La violenza contro le donne inibisce la crescita della società

Si è tenuta oggi 3 marzo nella sede nazionale delle Acli la tavola rotonda “La violenza contro le donne riguarda tutti. Nessuno Escluso”, organizzata dal Coordinamento Donne delle Acli.

La violenza sulle donne non accenna a diminuire e l’evoluzione della società sembra averla esasperata e resa “democratica”, perché non vi sono distinzioni tra nord e sud, giovani e adulti, stranieri e autoctoni.

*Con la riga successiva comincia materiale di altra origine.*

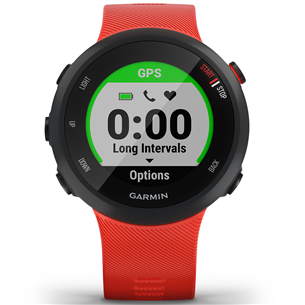 GPS watch Garmin Forerunner 45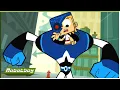 Robotboy Automatommy I 145 Compilation Cartoon for Kids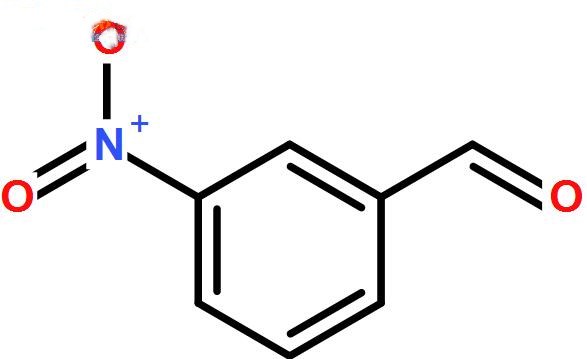 間硝基苯甲醛,3-Nitrobenzaldehyde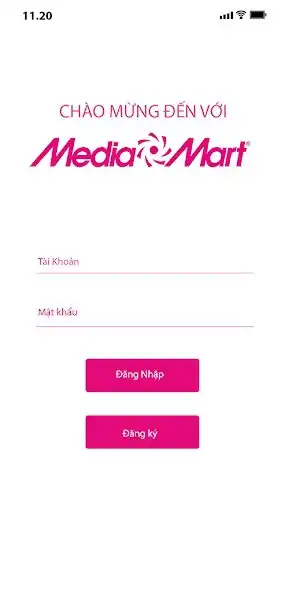 Play BHDT MEDIAMART as an online game BHDT MEDIAMART with UptoPlay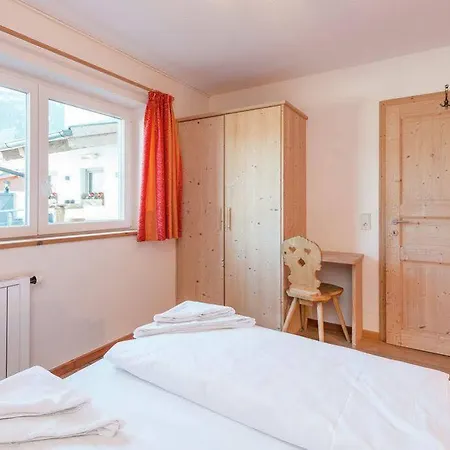Margarethenstein With Private Sauna, Including Zell Am Summercard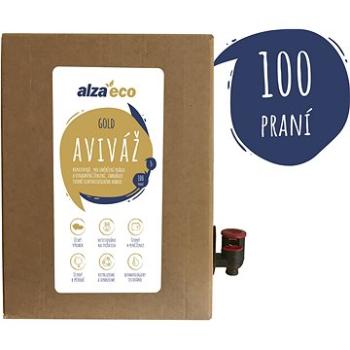 AlzaEco Gold 3 l (100 praní)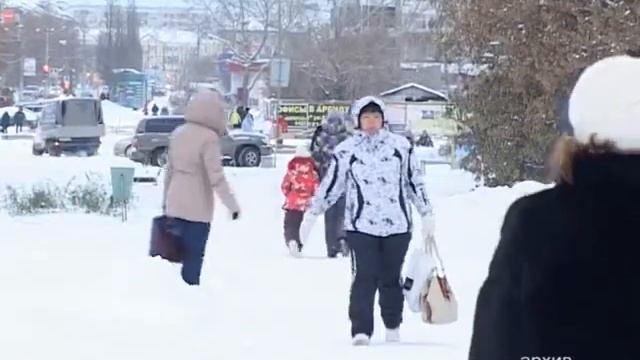 Поликлиника в поселке Ленинский закрыта на ремонт. смотреть онлайн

Il dibattito su esperienze, politiche e pratiche, introdotto da Agnese Ranghelli, responsabile nazionale del Coordinamento donne Acli, e concluso dal presidente nazionale Acli Roberto Rossini, ha visto confrontarsi donne e uomini che da anni si occupano di questo delicato tema: Linda Sabbadini (esperta di statistica e studi di genere), Annadebora Morabito (esperta in Pari Opportunità e Cultura delle donne, docente presso l’Istituto di Studi Superiori sulla Donna – Ateno pontificio Regina Apostolorum), Alberto Leiss, (giornalista e scrittore, fondatore dell’Associazione maschile plurale), Tiziana Zannini (coordinatore del Servizio per gli affari generali e sociali del Dipartimento per le Pari Opportunità).

Il fenomeno affonda le sue radici negli stereotipi che sostengono una disparità di genere tra uomo e donna, basato su un rapporto di forza che, come dichiarato dalla Assemblea Generale delle Nazioni Unite “ha portato al dominio dell’uomo sulle donne e alla discriminazione contro di esse e ha impedito un vero progresso nella condizione delle donne”.

“Il fenomeno della violenza sulle donne, espresso anche nella forma dello stalking, racchiude in sé molti altri fenomeni di violenza e discriminazione – ha concluso Roberto Rossini –. Una società che lascia che accadano violenze di genere non va verso l’integrazione e la libertà della persona nella comunità e nella famiglia. È per questo che le Acli si sentono di ribadire che la violenza sulle donne riguarda tutti, nessuno escluso”.

Non sono mancati accenni all’attualità, primo fra tutti la condanna inflitta all’Italia da parte della Corte europea dei diritti umani per non aver agito con sufficiente rapidità per proteggere una donna e suo figlio dagli atti di violenza domestica perpetrati dal marito, che hanno poi portato all’assassinio del ragazzo e al tentato omicidio della moglie. “Il caso di Elisabetta è esemplare – commenta Agnese Ranghelli, responsabile nazionale Coordinamento Donne Acli -. Denunce ripetute e poi mitigate, anche quando è evidente che gli episodi di violenza sono di gran lunga più frequenti e gravi, coinvolgimento dei figli, mancato coordinamento delle forze in campo – da quelle di polizia ai servizi sociali, alle associazioni del privato sociale che si occupano di protezione. È senz’altro importante e necessario che da un punto di vista normativo vengano previste misure preventive e cautelari. Ma questo non è sufficiente, né – come ormai evidente – costituisce un deterrente”.